If you took note of our FastPass roster, you can see that we completely skipped over our Spaceship Earth FPs. Does anyone care? No? Good. Because neither do we.
Now, it's time for some bier! Und musik! Und brats! Und more bier! Well, maybe not more bier, because a liter is A LOT of beer already. Even if I have been intentionally avoiding beer all afternoon to make a liter or beer seem like less than it really is.
We check in to the restaurant. While the kids and I wait, Kristin goes inside to hit the restroom. Which, as everyone knows, is an almost foolproof trick to get seated early.
As expected, we get buzzed (bleeper buzzed, not beer buzzed), and Kristin's nowhere to be found. Just like clockwork. We take our seats, eyes on the back to see if we could spot Kristin. Nope. No dice. Where is she?
We're seated front row center, which is perfect! Our host asks us to take the seats at the far end of the table, and we do. Our waiter arrives soon after and informs us that those seats are already taken. Ok, just tell us where we should sit. We're not picky! The final seating arrangement has us on the other end of the same table, which makes no difference to me. In fact, that will just make it easier for me to make my 17 trips to the buffet. Oops, I forgot I'm eating more healthy now. So 15 trips to the buffet. BUT NO MORE.
I don't know how, but we somehow missed Kristin exiting the restroom. She did put two and two together, though, and came back into the restaurant when she didn't see us waiting outside.
Our tablemates return from the buffet, and it's too couples who appear to be older than us, but not much older. They seem nice enough, but we sort of kept to our own conversations. No biggie. We do cross-prost, though, so it's not a complete segregation.
And what did I prost with? This:
Warsteiner Dunkel. I love the Schoffenhofer Grapefruit, but that's more of an outside-walking-around-in-95-degree-heat beer for me. Plus, I love me some dark beer. And "dunkel" means "dark". This concludes the lesson for all of those who don't know a little German...even the one sitting over there.
If you didn't get the last joke, go rent "Top Secret". Or just whine that it's not available at your local video store or for streaming on Netflix, like I do. Or read one of my four previous Trip Reports.
I really do want to see that movie again, and think the kids would find it funny.
We get our food, and here's what it looks like:
I go heavy on the brats, dumplings, and red cabbage (the latter not on the plate above, though). The kids keep it limited to mostly bread. Ok.
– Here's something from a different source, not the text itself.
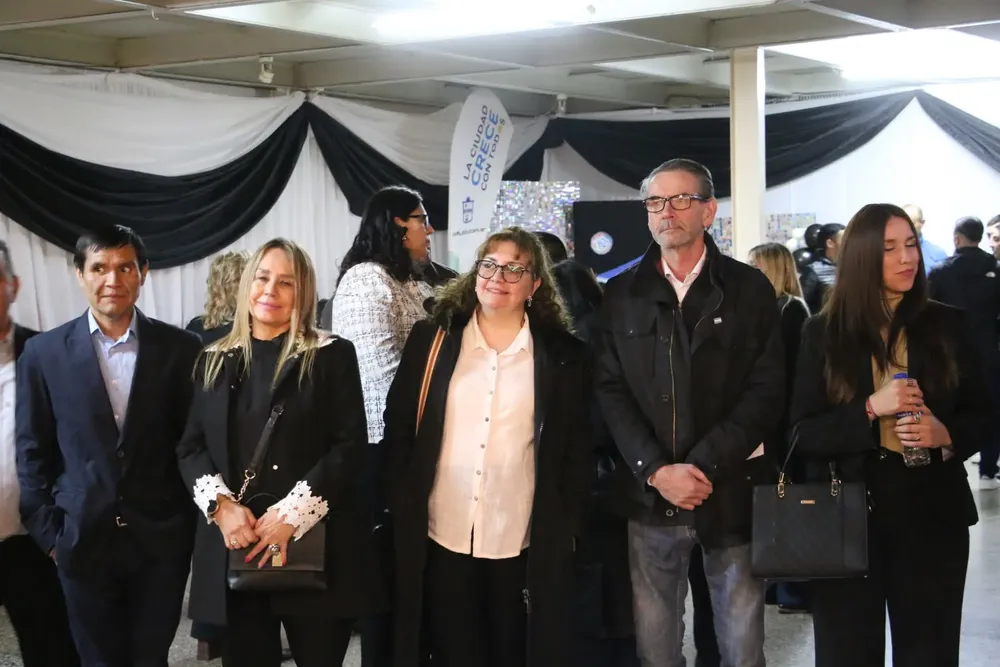 599808954_122163028850832834_1028385435718636082_n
One great thing about the
Disney Dining Plan is you can easily close your eyes to the fact that you're paying a lot of money for the kids to eat bread.
There were a lot more options than I showed, but those are the important ones. Plus, the food's really secondary (or tertiary, if we don't count beer as food) for why we come here:
It's showtime! I love these guys. In fact, I love a lot of polka. I illegally copied Frankie Yankovic's (Weird Al's dad) "Polka Favorites" album from the library and listen to it often. I also have two CDs from the Epcot Biergarten band, Oktoberfest Musikanten. Or Martin Gross and the Sonneshein Express. Whatever they're billing themselves as these days.
Kristin asks Emily if she wants to dance. Emily declines. That's odd, since Emily LOVES dancing. But not THAT odd, since she doesn't really like dancing when we want her to dance. I step up in her place, and out we go.
The two of us dance together like we do most things together - she wants me to lead, then decides that my leading is insufficient, so she takes over. We do successfully avoid bowling over any of the children out on the dance floor, whose idea of "dancing" is apparently running around trying to lure adults into accidnetally bowling them over. But we don't bowl them over. TALENT.
Back to the table, and it's time for dessert. For Kristin and the kids, at least.
I don't know what any of that is. It's all good, though. Like most Disney buffet desserts.
I opted for more brats, dumplings, and red cabbage for dessert, though that probably doesn't count. I wish the band played longer (didn't they used to play longer?), but I guess you can't work them to death and expect them to still be "on" for their performances.
That's ok. We can find others ways to entertain ourselves. Such as "camera phone":
As I said before, THIS is the pose:
Emily photobombs the next one, turning it into my favorite photo of the entire trip:
Alright, done. We settle up with the waiter, and then it's back out to World Showcase!